Work order: Only those lines in the data below from the line containing "Boîte de dragées" through the line containing "Side view on", both included, should be restated word for word.

Data excerpts:
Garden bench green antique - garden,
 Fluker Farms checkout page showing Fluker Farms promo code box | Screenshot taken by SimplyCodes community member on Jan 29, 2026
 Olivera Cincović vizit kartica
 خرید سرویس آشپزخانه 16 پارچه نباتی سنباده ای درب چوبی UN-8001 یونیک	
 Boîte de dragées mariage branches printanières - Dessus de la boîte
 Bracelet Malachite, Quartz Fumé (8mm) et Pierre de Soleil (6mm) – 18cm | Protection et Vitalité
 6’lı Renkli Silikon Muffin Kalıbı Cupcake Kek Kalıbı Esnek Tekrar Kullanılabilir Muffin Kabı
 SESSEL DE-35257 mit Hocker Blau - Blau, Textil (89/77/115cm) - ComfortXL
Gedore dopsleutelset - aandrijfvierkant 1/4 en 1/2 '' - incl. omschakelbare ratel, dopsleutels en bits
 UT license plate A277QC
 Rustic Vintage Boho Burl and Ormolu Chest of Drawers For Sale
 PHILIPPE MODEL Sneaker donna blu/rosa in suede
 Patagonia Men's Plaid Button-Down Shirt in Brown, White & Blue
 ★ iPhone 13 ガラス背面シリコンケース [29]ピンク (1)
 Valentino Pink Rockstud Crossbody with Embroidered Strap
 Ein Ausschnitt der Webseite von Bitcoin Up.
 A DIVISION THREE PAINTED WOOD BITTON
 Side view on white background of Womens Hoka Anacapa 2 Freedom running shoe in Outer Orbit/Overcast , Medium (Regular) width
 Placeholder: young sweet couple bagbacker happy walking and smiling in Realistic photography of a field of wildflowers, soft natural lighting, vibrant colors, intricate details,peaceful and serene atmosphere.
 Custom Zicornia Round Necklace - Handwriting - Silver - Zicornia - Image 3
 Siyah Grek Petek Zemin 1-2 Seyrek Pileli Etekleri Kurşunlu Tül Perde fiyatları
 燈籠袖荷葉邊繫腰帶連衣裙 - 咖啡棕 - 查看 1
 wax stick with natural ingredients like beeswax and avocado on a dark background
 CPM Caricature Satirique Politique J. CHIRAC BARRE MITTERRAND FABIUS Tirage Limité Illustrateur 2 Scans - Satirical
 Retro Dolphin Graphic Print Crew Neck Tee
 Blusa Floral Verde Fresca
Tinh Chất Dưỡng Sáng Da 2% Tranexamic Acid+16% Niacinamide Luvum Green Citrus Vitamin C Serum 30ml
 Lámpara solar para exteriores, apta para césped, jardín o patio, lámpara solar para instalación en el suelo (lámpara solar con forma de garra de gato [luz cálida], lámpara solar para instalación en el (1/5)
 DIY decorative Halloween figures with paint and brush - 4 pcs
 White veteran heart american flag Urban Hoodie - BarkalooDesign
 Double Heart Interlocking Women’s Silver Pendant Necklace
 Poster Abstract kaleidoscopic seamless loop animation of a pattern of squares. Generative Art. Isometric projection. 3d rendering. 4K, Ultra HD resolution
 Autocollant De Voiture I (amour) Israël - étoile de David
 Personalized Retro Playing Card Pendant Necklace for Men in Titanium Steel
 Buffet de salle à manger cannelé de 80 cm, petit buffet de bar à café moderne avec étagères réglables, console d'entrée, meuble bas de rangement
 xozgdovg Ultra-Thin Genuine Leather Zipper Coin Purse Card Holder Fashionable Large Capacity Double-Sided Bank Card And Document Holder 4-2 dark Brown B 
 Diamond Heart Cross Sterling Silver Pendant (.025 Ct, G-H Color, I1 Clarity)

Result for this exercise:
 Boîte de dragées mariage branches printanières - Dessus de la boîte
 Bracelet Malachite, Quartz Fumé (8mm) et Pierre de Soleil (6mm) – 18cm | Protection et Vitalité
 6’lı Renkli Silikon Muffin Kalıbı Cupcake Kek Kalıbı Esnek Tekrar Kullanılabilir Muffin Kabı
 SESSEL DE-35257 mit Hocker Blau - Blau, Textil (89/77/115cm) - ComfortXL
Gedore dopsleutelset - aandrijfvierkant 1/4 en 1/2 '' - incl. omschakelbare ratel, dopsleutels en bits
 UT license plate A277QC
 Rustic Vintage Boho Burl and Ormolu Chest of Drawers For Sale
 PHILIPPE MODEL Sneaker donna blu/rosa in suede
 Patagonia Men's Plaid Button-Down Shirt in Brown, White & Blue
 ★ iPhone 13 ガラス背面シリコンケース [29]ピンク (1)
 Valentino Pink Rockstud Crossbody with Embroidered Strap
 Ein Ausschnitt der Webseite von Bitcoin Up.
 A DIVISION THREE PAINTED WOOD BITTON
 Side view on white background of Womens Hoka Anacapa 2 Freedom running shoe in Outer Orbit/Overcast , Medium (Regular) width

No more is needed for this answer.